Other experts also questioned Wanda's profit-making ability, pointing out that its revenues from its main business line - commercial real estate projects - have plummeted in recent years.

As more local and foreign property competitors swarm into the market and as China's e-commerce platforms boom, "the positive effects of Wanda's commercial property business model have since faded, even in third and fourth-tier cities," Song said.

Although the group currently operates 203 Wanda Plazas across China and will open 50 more by the end of 2017, as reported by domestic news website 36kr.com, experts warn that this move could be risky.

Against the backdrop of sliding revenue from the sector, experts pointed out that further plans to expand in the commercial property segment would inevitably further erode Wanda's profitability in the near future.

"For the past decade, Wanda's success was mainly buoyed by its rapid expansion, favorable subsidies from the local government, China's quick urbanization as well as its military-like, highly efficient execution ability, but these [reasons] are not sustainable [in the long term]," Wang from the MRD said.

Wanda is not publicly listed and the company has not disclosed its detailed financial statements for years.

According to a report released by Forbes on June 20, the developer's annual profit only sat at 750 million yuan last year, representing 0.4 percent of its revenues, a stark comparison to some of its domestic rivals such as Vanke, whose profit margin stood at 9.18 percent in 2016.

But mogul Wang has confidence in his company's business prospect. In another statement sent to the Global Times, he said that the group now owns 33 million square meters of commercial properties, with rent receipts expected to grow at an average annual growth rate of 20 percent over the coming five years.

Theme park failure?

With the sell-off of Wanda's tourism program, Wang's previous plan of transition to turn the developer into a major player in the tourism and entertainment industries seems to have been scotched.
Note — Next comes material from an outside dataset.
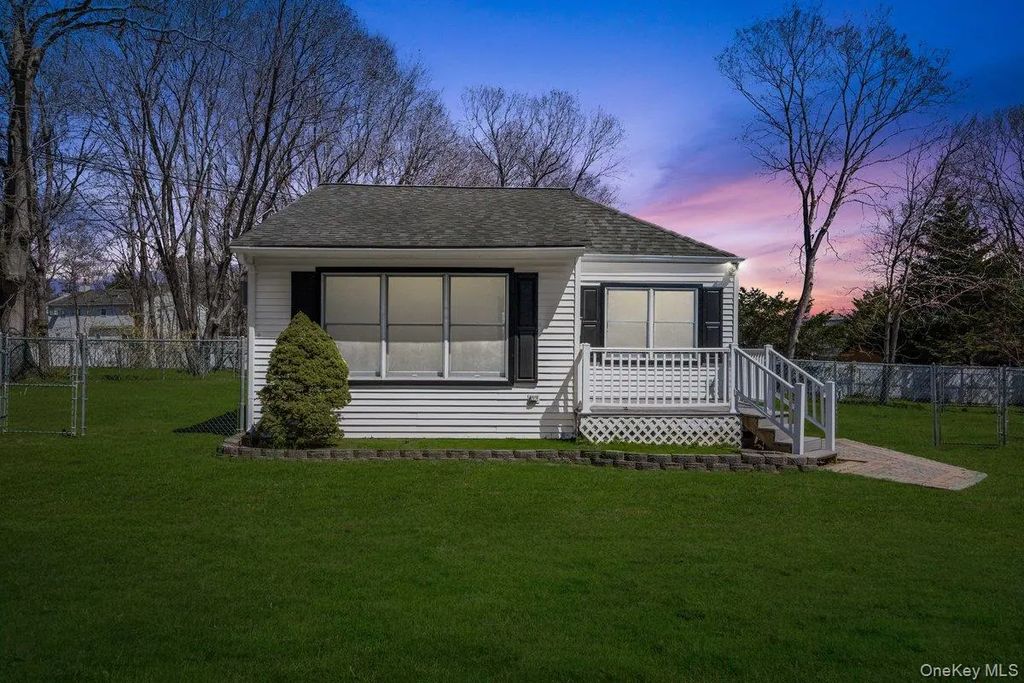 819 Canal Road, Mount Sinai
One year ago, Wang vowed in an interview with China Central Television that Wanda's tourism programs would crush Disney's business in China. "Disney should not have come to China because a tiger cannot beat a pack of wolves," he said.

Referring to the current operation of Wanda's theme parks, Song opined that "[customer] traffic has been disappointing, not to mention the group's management loopholes and intensified competition from both domestic and foreign rivals."

Also, it's hard for domestic tourists, such as 30-something Beijing resident surnamed Chu, to fully immerse in the company's entertainment and tourism environments.

Chu visited Wanda's first tourism program - Wuhan Central Culture District - in Wuhan, Central China's Hubei Province in 2013.

"The characters in the amusement parks [inside the district] are like copycats…the parks have a mixture of traditional Chinese and Western characters and lack a sense of true familiarity and resonance among Chinese tourists," Chu told the Global Times Tuesday.

The park's operation has been suspended since August 2016 due to "upgrading and rebuilding."

As the group's pillar business hits the wall and its new ventures become less and less appealing, it may be a wise choice for Wanda, again, to scramble to transform itself, experts suggest.

"But it's hard to predict the prospect of the light-asset strategy, because Wanda is the first developer in the country to explore such a model," Song said.

Wang from the MRD sounds even more pessimistic.

"The development path of Wanda can be compared to a parabola, whereby the company is near a peak point, and what's left for it is a downward trend," he noted.